Do I think this is a good match for Jim Miller? No; Bobby Green hits faster, is far more defensively slick, and is awful hard to take down. Am I picking against Jim Miller at UFC 300? Not on your goddamn life. JIM MILLER BY DECISION.
BANTAMWEIGHT: Deiveson Figueiredo (22-3-1, #8) vs Cody Garbrandt (14-5, NR)
I cannot imagine how much restraint it took not to make this the main event of a Fight Night with a Bogdan Guskov vs Modestas Bukauskas co-main. There were a lot of skeptics about Deiveson Figueiredo's plans to move up to the 135-pound division--including me--but he proved us wrong and shut Rob Font out of their fight last December. He outstruck him at both range and in the pocket, and when Font finally started to catch his rhythm, he began dumping him on the floor just to change it up. It was a fantastic performance and a clear proof that he does, in fact, belong at Bantamweight. Two weeks later, Cody Garbrandt managed to chisel himself back into its books. Garbrandt's fall from the top is the stuff of legends--from an undefeated champion who engineered the total destruction of one of the sport's longest winning streaks by wrecking Dominick Cruz to going 1 for 6 over the next half-decade, including four vicious knockout losses--and, while it frustrated him at the time, Garbrandt being forced to spend a year and a half on the shelf thanks to opponents repeatedly pulling out with injuries was ultimately good for him. He came back in March of 2023 and put forth a workmanlike if unimpressive victory over Trevin Jones, but his one-round, one-punch annihilation of Brian Kelleher in December was his proof to the world that he was back to his old self, and nothing was going to stop him from punching his way straight to the title again.

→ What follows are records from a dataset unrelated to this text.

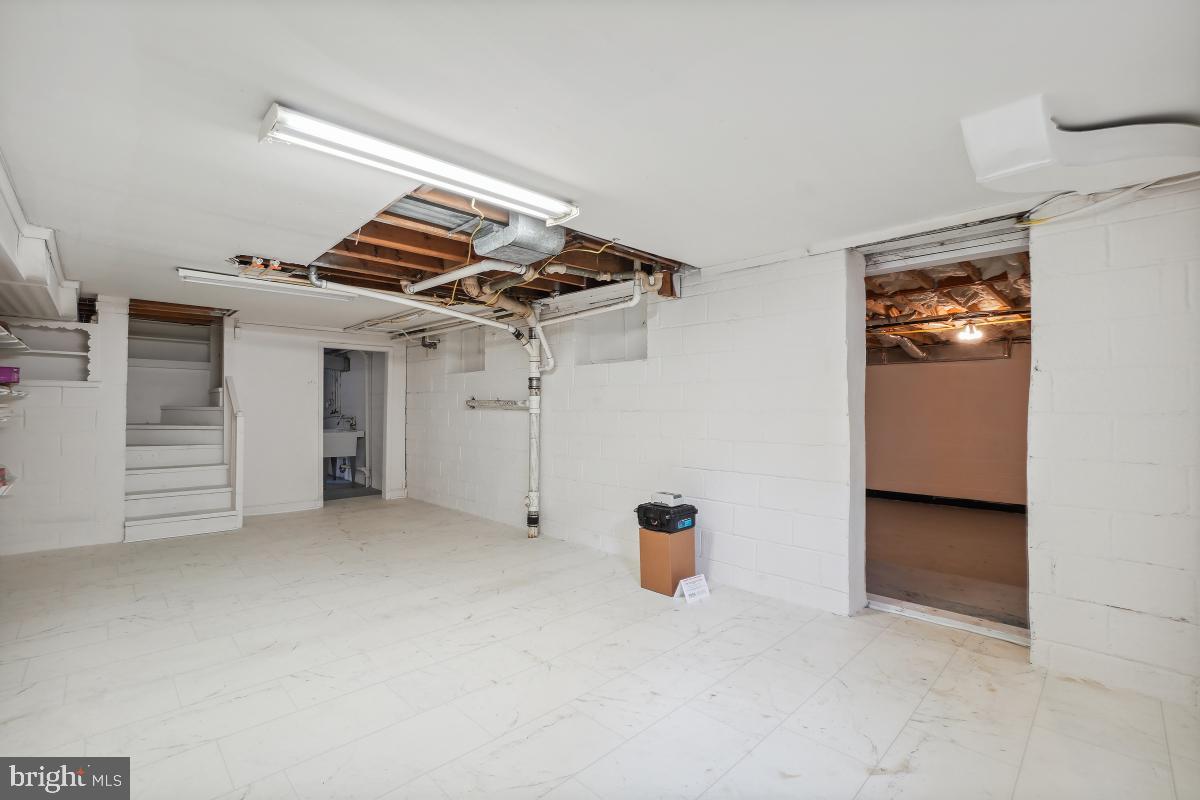 8610 Melwood Road Bethesda, MD 20817 - Photo 42 of 44 an empty room with windows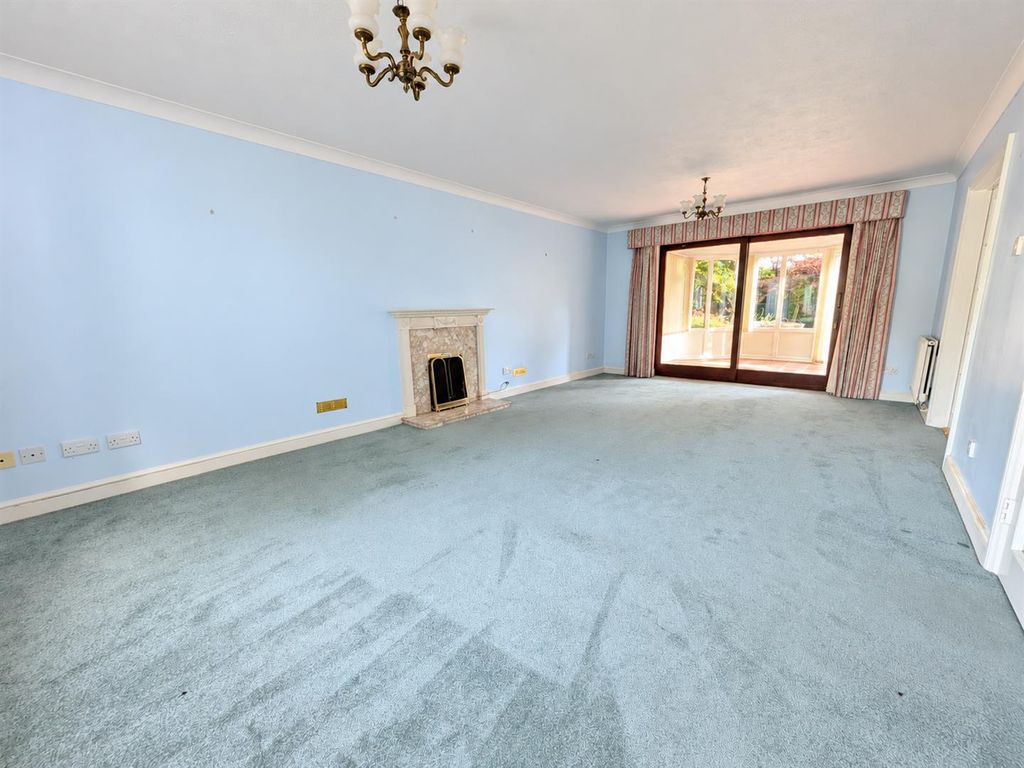 Property photo 2 of 24 Bright Traditional Living Room Interior.Png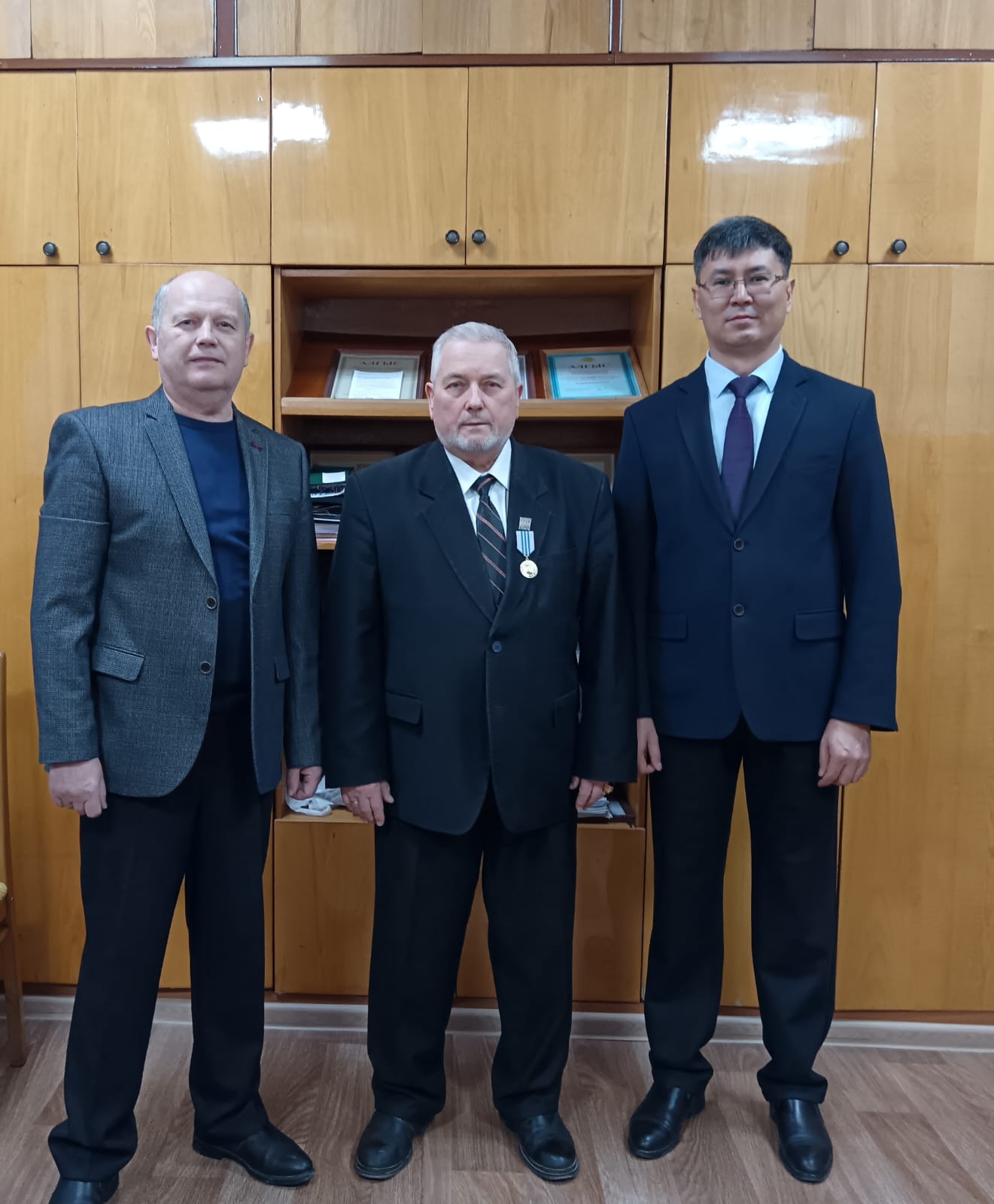 руководитель КГУ «Управление координации занятости и социальных программ акимата СКО» Ельжасов Р.С. вручил медаль «Еңбек ардагері»   Мироняку Василию Яковлевичу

So anyway, DEIVESON FIGUEIREDO BY TKO. There's risk here, Deiveson tends to lead with his head and if Cody pops him it could end his night real early, but he's the same kind of tough, fast and vicious that got Cody crushed by punches four times already. You should be scared of trading in the pocket with Cody Garbrandt, but if you're not, that chin is still right there for the taking, and Deiveson was a hairdresser and thus has no mortal fear left in his body.